Lizzie was the youngest daughter: a very plain girl with deep amber hair and chilling, pale blue eyes. Her shoulders were broad, as was her waistline, adding to her already coarse and sallow complexion. Thick jowls erased the feminine contours of her face, yet she compensated for her lackluster appearance in her behavior. Lizzie was polite to everyone and had impeccable manners. Animals received the majority of her affections and care, for she possessed awkwardness in social settings and had difficulty obtaining human companions.
Once a month, Lizzie’s mood would turn sour during menstruation—a concept lost upon the Victorian mind. She endured worse pangs than most women suffer, and was a force to be reckoned with. Sulking was her mildest discourtesy. If a person made her upset or angry, she would refuse to speak with the offender for days on end. The family avoided Lizzie’s wrath at all costs; even Andrew handed over a lavish expense account to his daughter as not to be bothered by her darker side.
That late Thursday morning on August 4, 1892, murder swept the Borden household. Lizzie spent the morning in the barn searching for metal sinkers to use for fishing with her sister, who was away at Fairhaven. Upon returning home, Lizzie discovered the body of her father. Bridgett Sullivan, the Irish household maid referred to as Maggie by the children, was in the attic when she heard Lizzie shouting to her.
“Maggie, come down!”
Bridgett was startled by her tone. “What’s the matter?”
“Come down quick! Father’s dead! Somebody’s come in and killed him!”
Her father was reclined on the sitting room sofa. His bloodied coat was bunched behind his head. Abbey was later discovered in the guest bedroom. Her body was face down on the floor beside the bed. Both victims had received blows to the head with an axe: Abbey was struck 18 times while Andrew only 11.
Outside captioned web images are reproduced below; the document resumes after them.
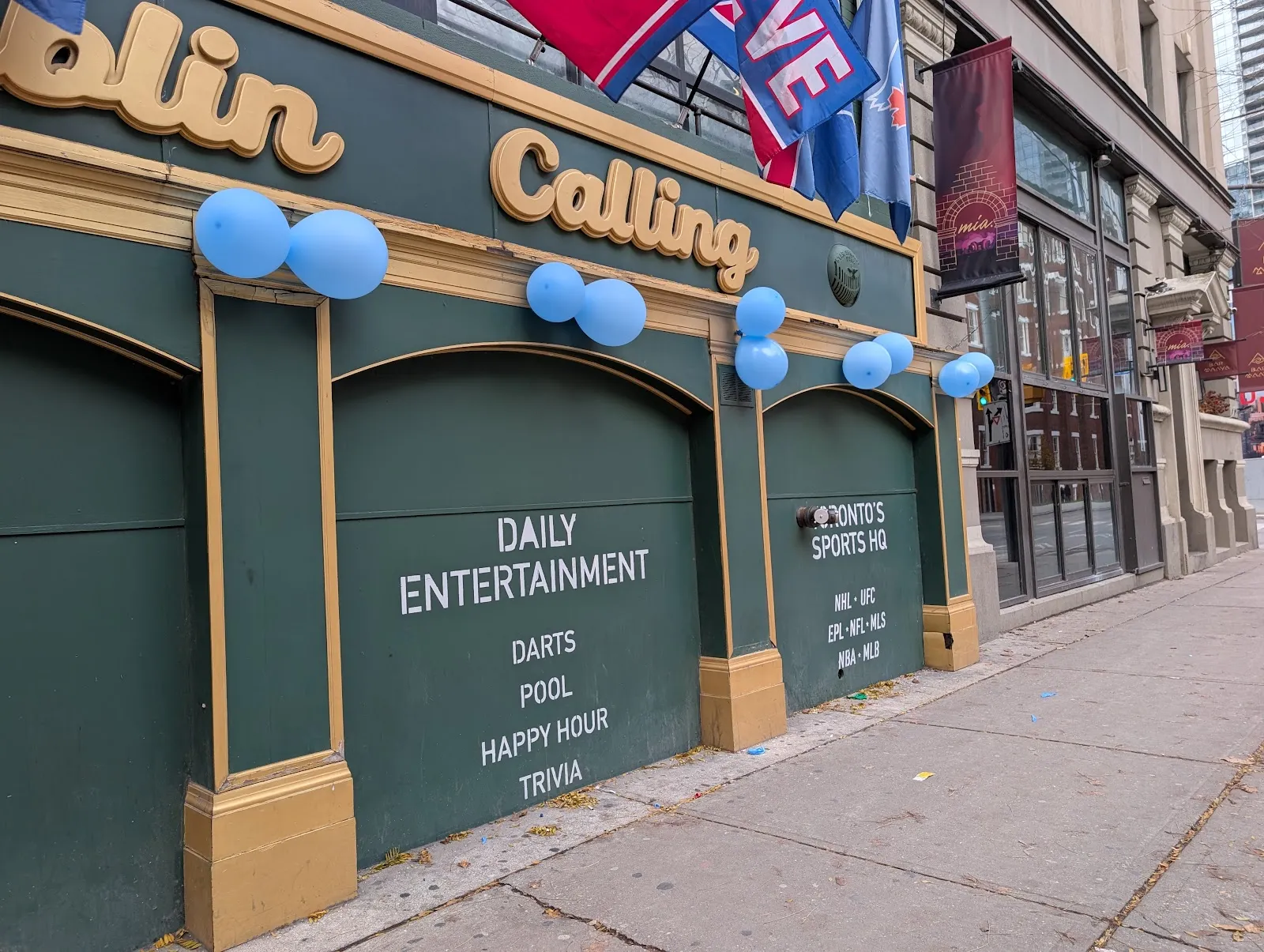 Dublin Calling logo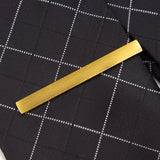 Mens Tie Clip Metal Tone Bar Clasp Necktie Clasp Collar Clip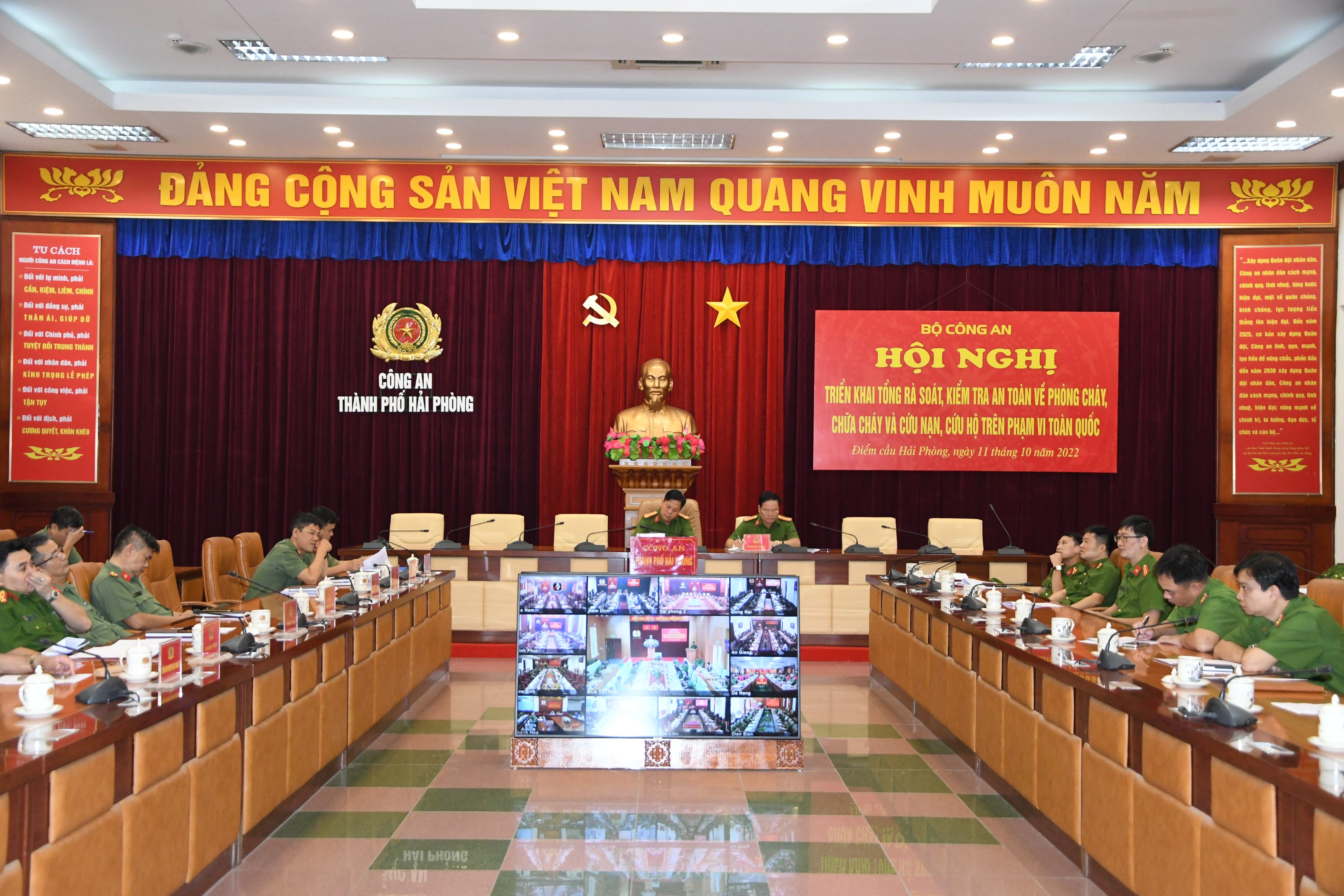 Tổng rà soát, kiểm tra an toàn về phòng cháy, chữa cháy và cứu nạn, cứu hộ trên phạm vi toàn quốc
Police descended on No. 92 Second Street. Guilt was immediately placed upon Lizzie. She hadn’t left the house for very long on the morning when the crime was committed. The previous day, she had attempted to purchase cyanide (then referred to as “prussic acid”) at a local store without a prescription. The Sunday following the double murder, a witness saw Lizzie burning a pale blue Bedford cotton dress in the kitchen stove, allegedly because it had been ruined by wet paint. The barn loft floor was coated in dust, revealing that no one had set foot there for quite some time.
With the mounting evidence, Lizzie was indicted for both murders. Her trial lasted fourteen long days in June of 1893. However, luck was on Lizzie’s side. Testimony concerning her attempt to purchase poison was barred. José Correira had recently committed a similar axe murder in the area, spreading reasonable doubt among the jurors. After one and a half hours of deliberation, the jury returned a verdict of not guilty. Though legally liberated, many maintained her guilt.
The memory of Lizzie Borden is often confined to the Second Street house and these horrific murders. What happened after the murders is often forgotten: the story of a women running from her past with a new name. Lizbeth A. Borden.
Five weeks following the acquittal of Lizzie Borden, she and Emma moved to “the Hill”: a fashionable area of town where the best families lived in luxury. They chose a lovely house at #7 French Street, owned by Charles M. Allen. It had been built in 1890 and was purchased in July of 1893 for the modest price of $11,000. Immense maples shadowed the home. Lizzie chose a suitable name for their new domicile: Maplecroft.